L’opposante est recherchée par la justice depuis l’été 2024 pour « sa responsabilité dans les faits de violence durant la période post-électorale » de 2024, qui ont fait 25 morts et plus de 200 blessés, et vit en semi-clandestinité au Venezuela depuis cette période.

Une amie de Trump, Milei et Netanyahou

María Corina Machado, amie de Netanyahou, affiche un soutien indéfectible à la politique du gouvernement israélien d’extrême droite. En 2021, elle déclara : « Tous ceux qui défendent les valeurs de l’Occident, nous sommes avec l’État d’Israël, un allié sincère de la liberté ». En 2018, elle avait même demandé dans une lettre à Netanyahou une intervention militaire au Venezuela contre le gouvernement.

Le 10 octobre 2025, le président argentin d’extrême droite, Javier Milei, a aussitôt félicité Machado sur X : « Mes félicitations pour cette reconnaissance plus que méritée pour ta lutte en défense de la LIBERTÉ et de la démocratie. Merci pour l’inspiration avec laquelle tu illumines le monde en te battant contre la narcodictature du Venezuela ».

Celle qui soutient l’intervention militaire des États-Unis en cours dans la mer des Caraïbes a publié en anglais sur X : « Cette immense reconnaissance de la lutte de tous les Vénézuéliens est un élan pour achever notre tâche : conquérir la liberté. Nous sommes au seuil de la victoire et aujourd’hui plus que jamais, nous comptons sur le Président Trump (…). Je dédie ce Prix au peuple du Venezuela qui souffre et au Président Trump pour son soutien décisif à notre cause ». Le président des États-Unis ayant lui-même déclaré dans la foulée : « elle m’a dit ‘je l’accepte en votre honneur parce que vous le méritez vraiment ».

Ces propos doivent être interprétés dans le contexte du déploiement militaire offensif des États-Unis en mer des Caraïbes, au large des côtes vénézuéliennes. Ils peuvent constituer une nouvelle étape dans la guerre hybride renforcée lancée par Washington contre le Venezuela depuis août 2025. Les tensions se sont accrues ces derniers jours avec un bateau coulé par l’armée américaine et un projet d’attentat de l’extrême droite vénézuélienne déjoué le 6 octobre contre l’ambassade des États-Unis.

Le gouvernement vénézuélien n’a pas officiellement réagi à cette nomination.
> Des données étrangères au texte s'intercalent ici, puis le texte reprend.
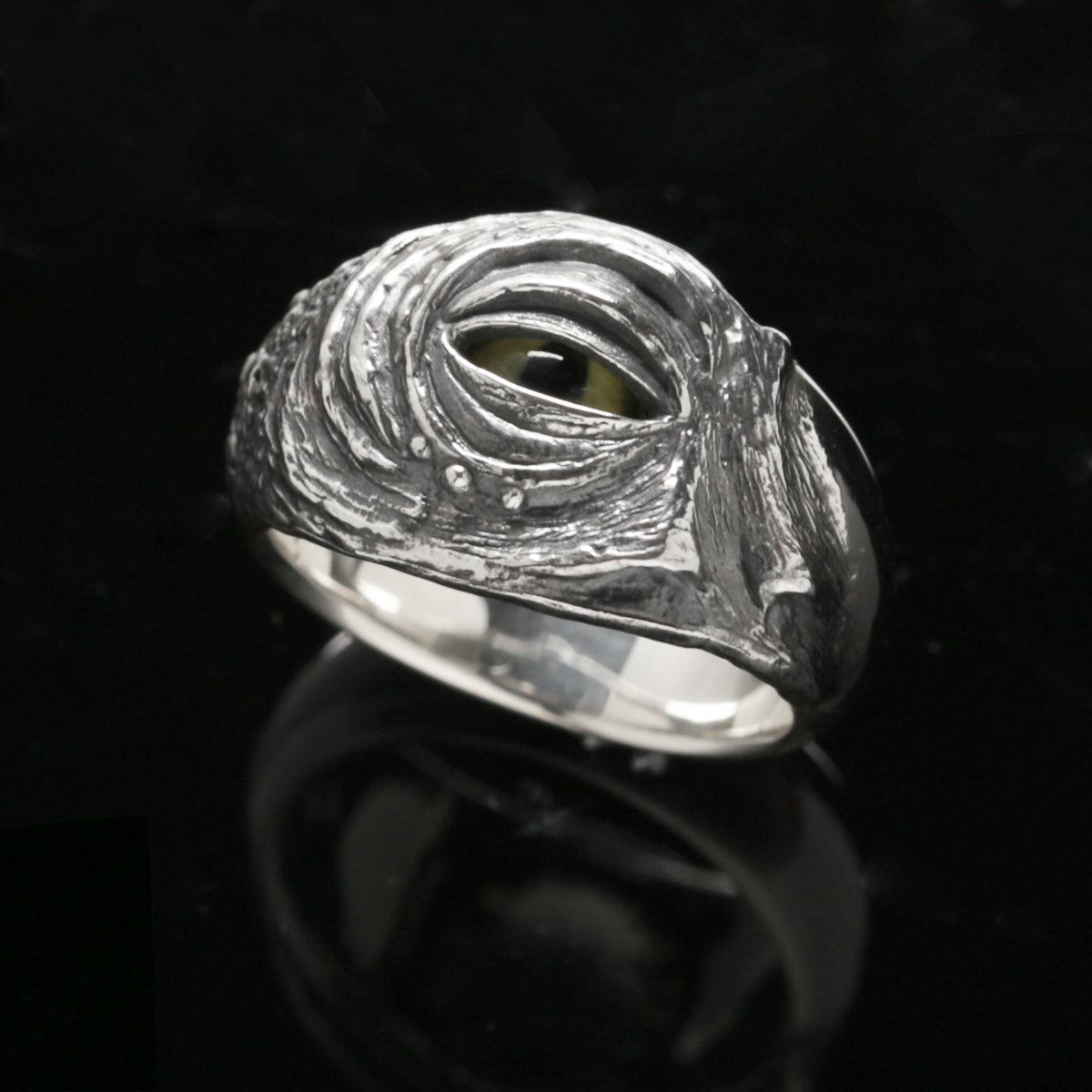 STAR WARS™ Jabba the Hutt Ring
Dans un message le même jour, le président Nicolás Maduro Moros a annoncé l’activation du Plan « Independancia 200 » dans trois États du nord du Venezuela — Zulia, Falcón et Aragua — afin de mobiliser plus fortement les forces militaires et la population pour faire face à l’opération militaire américaine en cours. Le 10 octobre également, le Conseil de sécurité de l’ONU s’est réuni en urgence à la demande du Venezuela pour réaffirmer le nécessaire respect du droit international face à la crise dans les Caraïbes. L’ambassadeur vénézuélien Samuel Moncada a appelé le Conseil à éviter un « crime international » commis par les États-Unis contre le Venezuela.

Comment fonctionne l’attribution du prix Nobel de la paix ?

Le prix Nobel de la paix récompense chaque année « une personne ou la communauté ayant le plus ou le mieux contribué au rapprochement des peuples, à la suppression ou à la réduction des armées permanentes, à la réunion et à la propagation des progrès pour la paix », selon les volontés du testament d’Alfred Nobel, chimiste, industriel et fabricant d’armes suédois ayant laissé à sa mort une immense fortune pour la création d’un prix Nobel promouvant la paix.

Basé à Oslo, c’est le Comité Nobel norvégien qui délivre ce prix depuis 1901. Il est composé de cinq membres, tous Norvégiens, nommés par le Parlement norvégien. Ses délibérations ne sont pas publiques.

Le prix Nobel de la paix est régulièrement accusé d’être instrumentalisé politiquement par les puissances occidentales, notamment en récompensant des personnalités occidentales comme Barack Obama en 2009, l’Union européenne en 2012 ou des opposants alignés sur l’Occident comme María Corina Machado.